72 アヘンは恐ろしや、の巻

 資本主義が発達し、経済力をつけたイギリスは、工業の原料を調達できる国や、自国で作った製品を売るための国を求めて、アジアに進出していったそうな。
 その中に、中国(当時は清・しん)とインドがあったとさ。

 イギリスは、中国で思うように綿布(めんぷ)が売れなかったため、その対策として、インドに売り込んだそうじゃ。
 そして、インドのアヘンを中国に密輸し、中国の茶や絹(きぬ)を得るという貿易をしたとさ。

<豆まめ知識・アヘン>
 ケシの実からとる麻薬。
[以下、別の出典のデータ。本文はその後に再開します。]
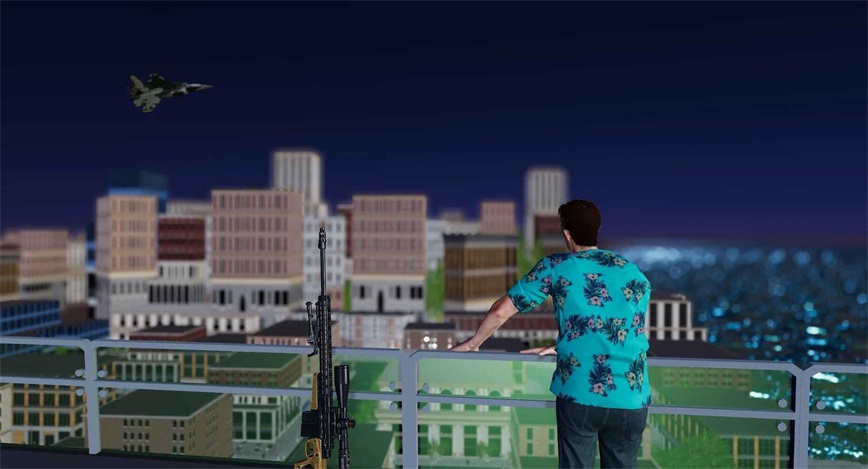 迈阿密城市模拟器正版下载安装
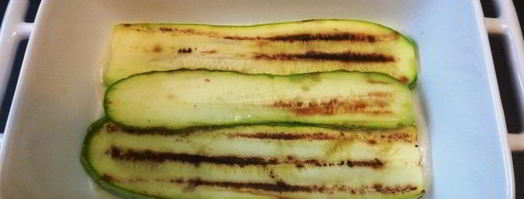 лазанья из кабачков и баклажанов. Шаг 5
吸い続けると、神経が麻痺(まひ)し、中毒症状を起こす。
三角貿易

 その後、アヘンに苦しむ中国と、イギリスの間で、1840年にアヘン戦争が起こったと・・。
 日本では、水野忠邦(みずのただくに)が天保の改革をしていた頃じゃ。

 この戦いに敗れた中国は、戦争の費用や賠償金(ばいしょうきん)の支払いのため、農民に重税を課したんだと・・。それによって起こった反乱が、太平天国の乱だとさ。

<豆まめ知識・太平天国>
 秘密結社がつくった貧富の差がない、理想の社会を目指した国。
秘密結社

 インドでも同様に、インドの大反乱(セポイの反乱)が起きたんだと・・。
 どちらの反乱も、失敗に終わったとさ。